Читать книгу Традиция, трансгрессия, компромисc. Миры русской деревенской женщины - Светлана Адоньева - Страница 7

Введение
Традиция, трансгрессия, компромисс
Структура книги

Оглавление

Методология и содержание этой книги определены тем, что она является результатом полевых исследований. Основываясь на личном опыте работы с конкретными женщинами, мы не ограничивались пересказом их историй и не структурировали книгу в соответствии с последовательностью рассказов (как это, например, делает Лила Абу-Лугход в феминистском этнографическом исследовании «Миры пишущих женщин» [Abu-Lughod 1993]). Вместо этого мы используем возрастные и гендерные роли женщин как своего рода увеличительное стекло, с помощью которого можем детально рассмотреть различные аспекты женского знания. Мы исследуем также те фольклорные жанры, с которыми имели дело в процессе полевого исследования и которые считаем продуктивными и жизненно важными для наших собеседниц: песни, биографические нарративы, легенды и мифологические рассказы, магические практики, религиозные ритуалы, семейные праздники, юбилеи и поминовения.
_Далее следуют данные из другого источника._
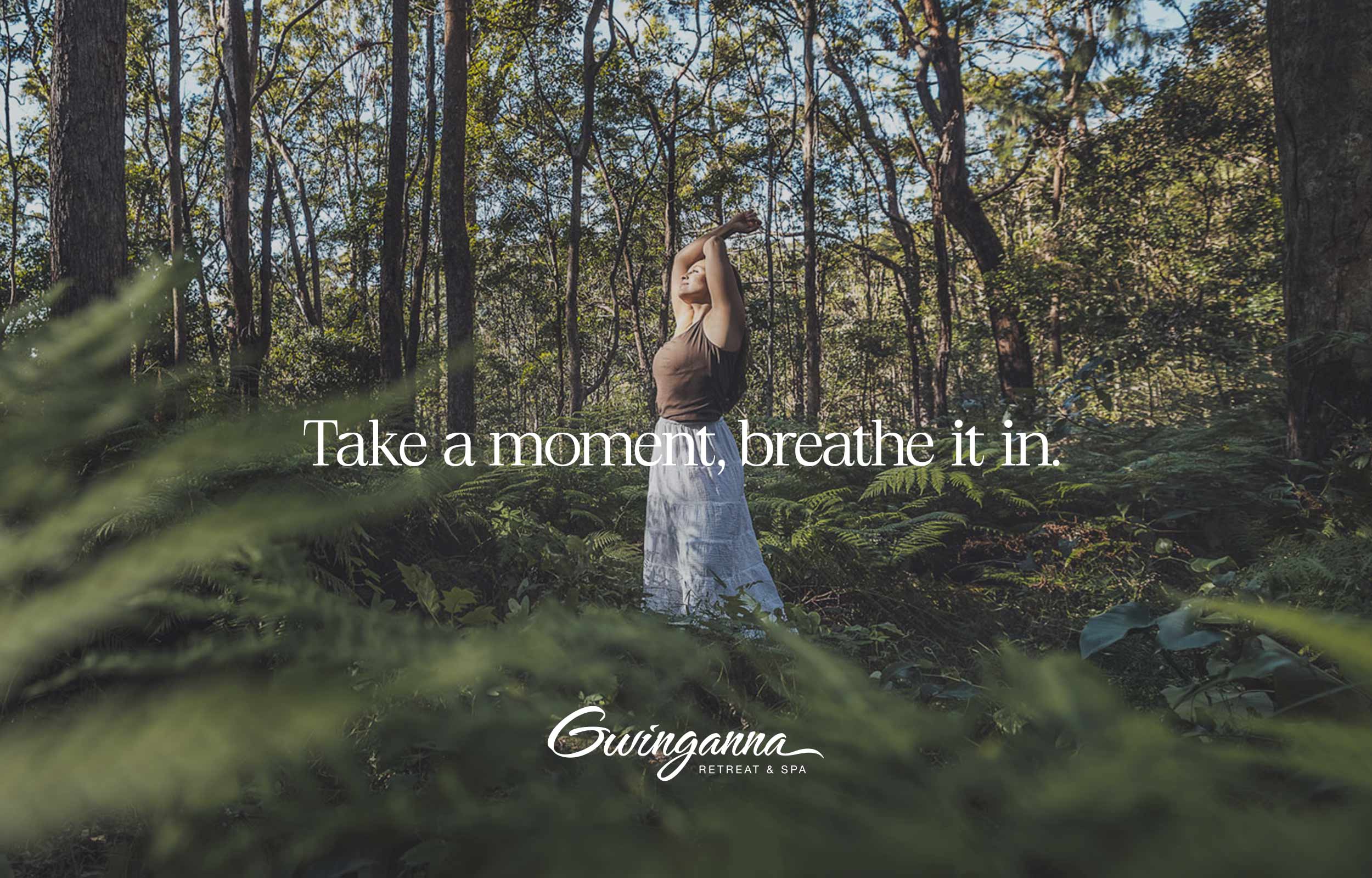 Gwinganna Brand image. Woman standing in a lush forest with arms raised, surrounded by greenery and trees.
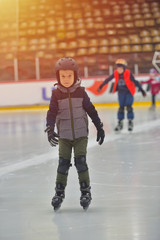 Adorable little boy in winter clothes with protections skating on ice rink
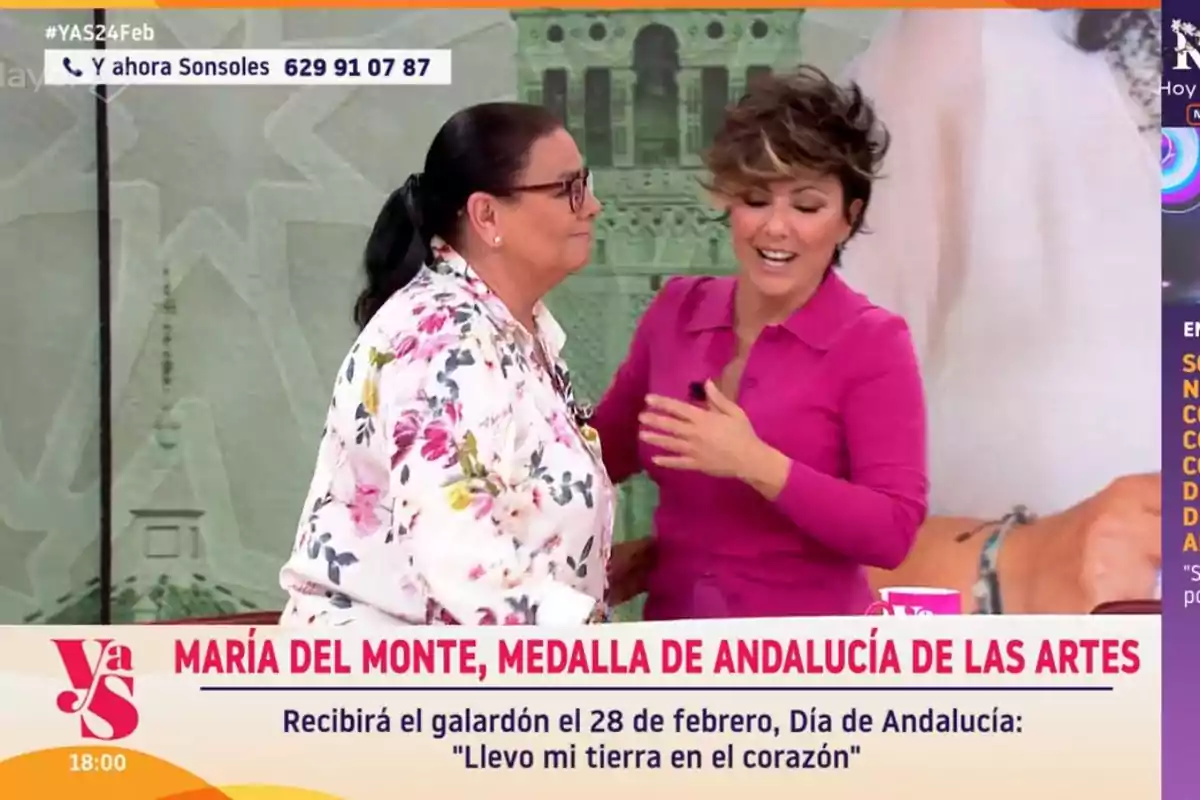 Two people interact on a television show, one wearing a floral jersey and the other a pink dress, while at the bottom of the image a text highlights an award for María del Monte. Two people interact on a television show, one wearing a floral jersey and the other a pink dress, while at the bottom of the image a text highlights an award for María del Monte.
Мы начинаем, в главе 1, с ревизии российской фольклористики и этнографии в свете нашего понимания женского знания. Мы показываем, как ученые искали в своих деревенских информантах конкретные знаки индивидуального творчества, определенного отношения к традиции и публичной славе. Исполнительницы фольклора, как правило, не преуспевали в этом, поскольку их фольклорное знание проявлялось приватно, в домашнем кругу, а также потому, что у женщин имелись иные приоритеты, нежели желанное для собирателей строгое следование традиции. Критический взгляд открывает возможность размышлений о природе женского знания, навыков и творчества.

В главе 2 рассматриваются принципы распределения знаний, навыков и ответственности в деревенском сообществе в соответствии с этапами жизни мужчин и женщин. Мы показываем, как половозрастные статусы определяют социальную идентичность, предлагая ограниченный выбор сценариев поведения. Мы рассматриваем деревенское сообщество как социальную сеть горизонтальных и вертикальных отношений. Исторические и экономические изменения первой половины XX века значительно повлияли на половозрастную иерархию русской деревни, особенно это затронуло мужчин. В последней части главы мы даем характеристику трем советским поколениям русских женщин, рассматривая главные коллизии, которые скрыты в их биографиях, привычках и взглядах на традицию. В этой главе мы освещаем некоторые специфические способы, посредством которых женщины шли на трансгрессию или соглашались на компромисс.

Каждая из последующих глав описывает одну из традиционных практик, сохраняющих свою значимость в жизни наших собеседниц, несмотря на значительные экономические, социальные и идеологические изменения. Это – обряды, пение и магия. Обряды и пение существовали как в приватном, так и в публичном социальных пространствах, магия же относилась исключительно к приватной сфере, о ней никто никогда не говорил публично. Ритуалы и пение были идеологизированы советской властью, магия подвергалась гонению; тем не менее наши собеседницы, иногда следуя, иногда противясь нововведениям, удерживали и сохраняли эти практики.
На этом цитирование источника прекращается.